BREAKING: Vancouver is a “historically anemic offensive team.”

This is according to Sportsnet’s Dimitri Filipovic, one of the stats experts produced by the Canucks Army Blog. The team’s goals, scoring chances, and shots have them battling with the worst offensive teams in the past eight seasons.

Of course, if you’ve watched their games this season, this news is as obvious as saying US politics are a gong show. Vancouver’s been shut out in four of their past six games. Their list of dynamic forwards who create quality scoring chances is this long: Bo Horvat, Jannik Hansen.

If you’re an optimistic fan, you may be telling yourself this type of losing is normal for a rebuilding team.

No argument there – it is.

“What I’m trying to do is transition young players to be the next core group of the team,” Jim Benning told TSN 1040 on Friday.

While you can’t argue with his end goal, the issue is the long and meandering route he and Trevor Linden are taking the team on to get there.

The path back to being good team or even half-decent is not rocket science.
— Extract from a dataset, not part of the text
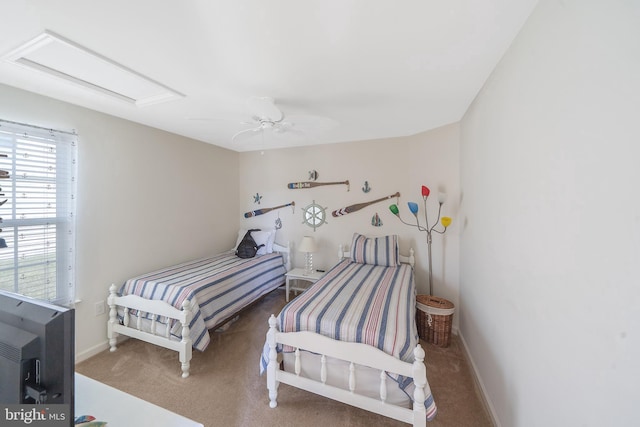 bedroom featuring ceiling fan and carpet floors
When he was hired two years ago, Benning set out to draft and develop a young crop of players, while maintaining a “winning environment”.
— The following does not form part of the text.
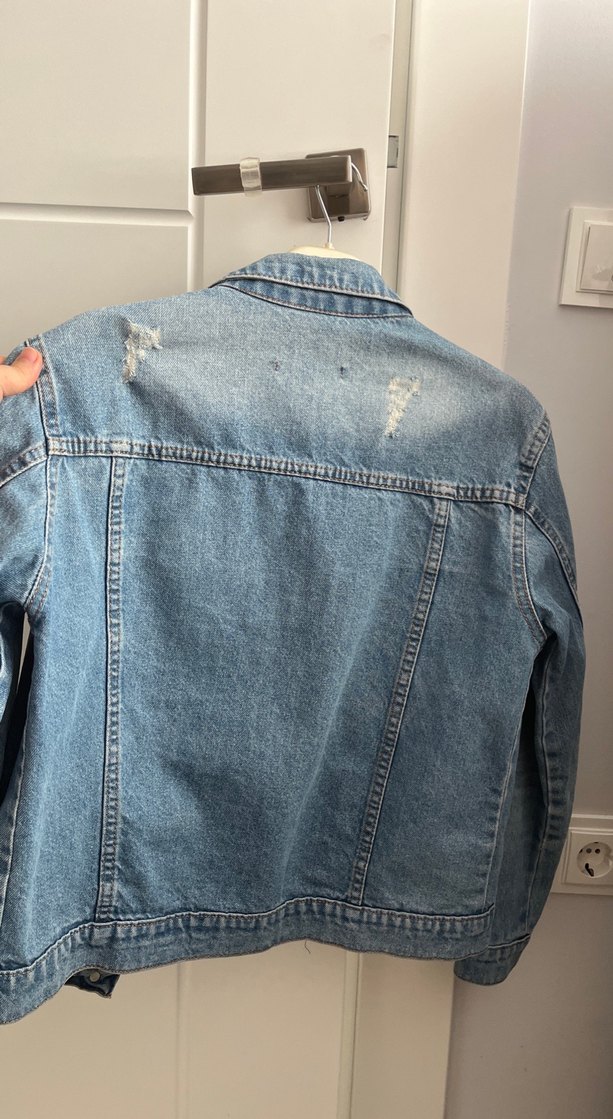 Düğmeli Mavi Kadın Denim Ceket - Görsel 5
The forwards would develop and grow behind the Sedins, and eventually replace them.

The defencemen would be mentored by Alex Edler, Chris Tanev and Dan Hamhuis, while he was here.

Done right, the process to restock the cupboard with promising prospects should take two to three years.

And though Trevor Linden and Benning are loathe to use the word “rebuild,” at every town hall and major press conference along the way, they’ve told fans the goal is to develop a younger core – one that fans can get excited about and attach to as they did in the early 2000s with Markus Naslund and Todd Bertuzzi emerging.

The key being it had to be done right.

One critical piece to rebuilding swiftly is to draft as many players as possible – to not only retain your own team’s picks, but to make trades to stockpile even more. Play the probabilities – because not every pick makes it to the dance.

The Maple Leafs – who beat Vancouver 6-3 on Saturday – have done a masterful job of it. In the past two years, they signed players such as Shawn Matthias, Nick Spaling, and Daniel Winnik to short term contracts, and when they knew they weren’t making the playoffs, they were proactive in trading them for draft picks.

The Leafs are already ahead of Vancouver in the present, and their future looks brighter too. In the past two seasons, Toronto has made 20 draft selections. Each team is only given seven picks per season.

Meanwhile, Vancouver signed players such as Ryan Miller and Radim Vrbata to big money deals with no-trade clauses.

Despite those no-trade clauses, the Canucks could have been proactive in asking Vrbata and Hamhuis about waiving them months in advance of last year’s trade deadline. Instead, as they did with Shawn Matthias a year earlier, they let the contracts expire, receiving no assets in return for quality players.

Worse, the Linden-Benning regime has traded seven draft picks to other teams without receiving picks in return for them.

Toronto also has a more progressive (better) approach to drafting. Mark Hunter, Leafs’ head of scouting, said the following to the Star last summer:

“Skilled players have a better chance to get things done on the ice …

“You get a big, strong guy, it’s hard to develop skill. Guys that do have skill, you can develop them physically. They can get stronger. That’s how I look at it.”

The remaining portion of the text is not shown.